Tafsir yang lebih kontekstual ini sejalan dengan semangat keadilan dalam Islam. Dalam Surah An-Nisa, Allah berfirman:
"...يَآ أَيُّهَا ٱلَّذِينَ ءَامَنُوا۟ كُونُوا۟ قَوَّٰمِينَ لِلَّهِ شُهَدَاءَ بِٱلْقِسْط"
"Wahai orang-orang yang beriman, jadilah kamu sebagai penegak keadilan, menjadi saksi karena Allah, sekalipun terhadap dirimu sendiri atau ibu bapa dan kaum kerabatmu..." (QS. An-Nisa: 135).

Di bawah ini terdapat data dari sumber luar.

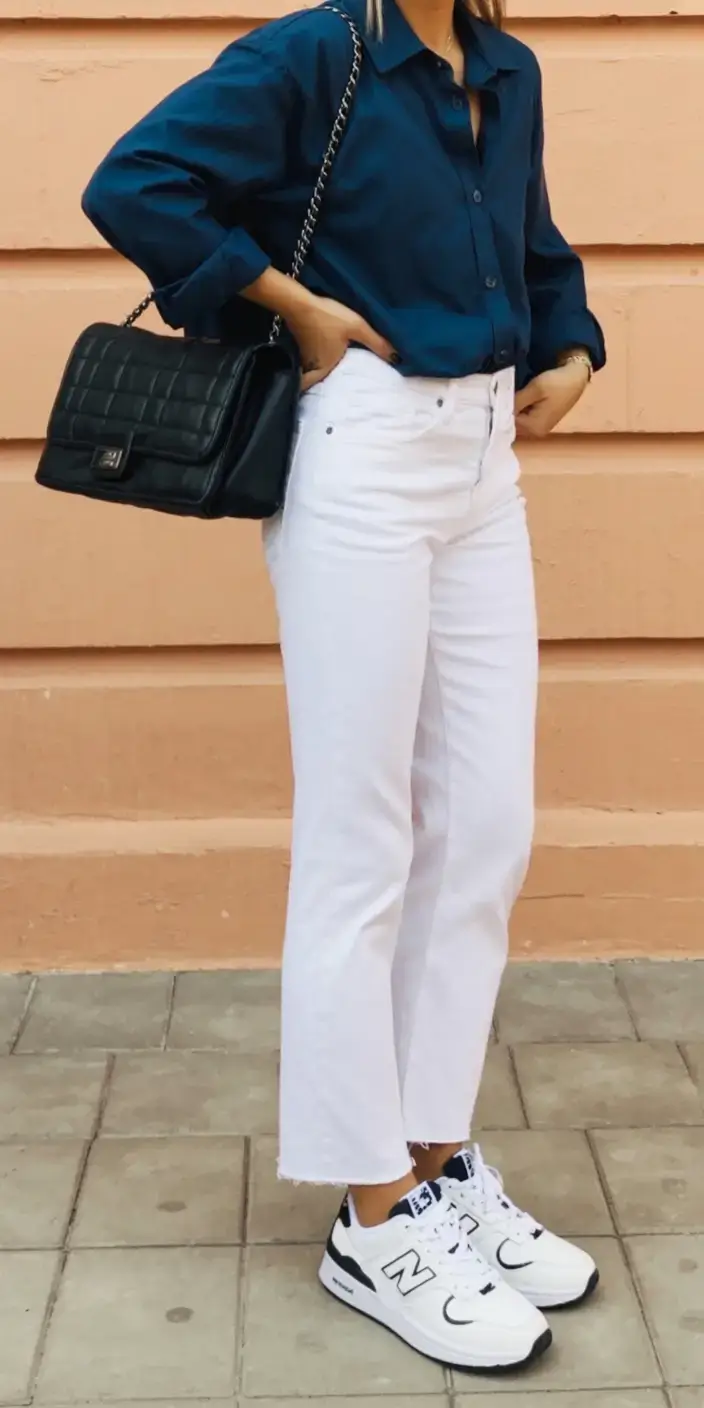 flattering spring outfits for women over 40 2026 Smart Minimalism in White Denim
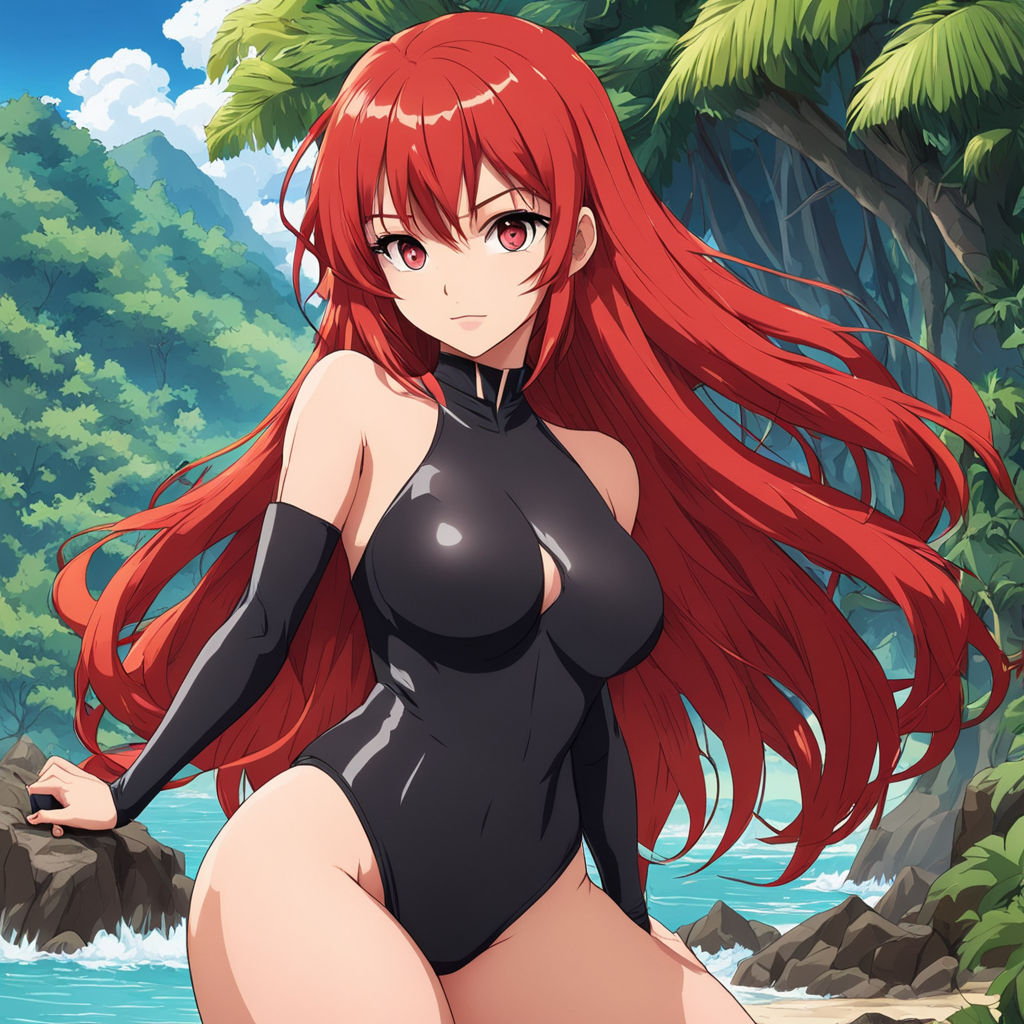 4k beatiful bikini rias gremory anime girl on beach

Ayat ini menegaskan bahwa keadilan harus ditegakkan tanpa memandang siapa yang menjadi saksi, baik itu laki-laki atau perempuan. Keadilan dalam Islam tidak tergantung pada gender, tetapi pada niat dan integritas untuk mengungkapkan kebenaran.
Dengan demikian, meskipun surat Al-Baqarah ayat 282 mengatur tentang dua wanita sebagai saksi setara satu lelaki, dalam konteks zaman sekarang, jika seorang perempuan memiliki pengetahuan dan kemampuan yang sama dengan seorang lelaki dalam hal tertentu, maka kesaksiannya harus diterima dengan pertimbangan yang adil dan proporsional. Konsep ini berorientasi pada tujuan syariat Islam untuk menegakkan keadilan bagi semua umat, tanpa melihat jenis kelamin.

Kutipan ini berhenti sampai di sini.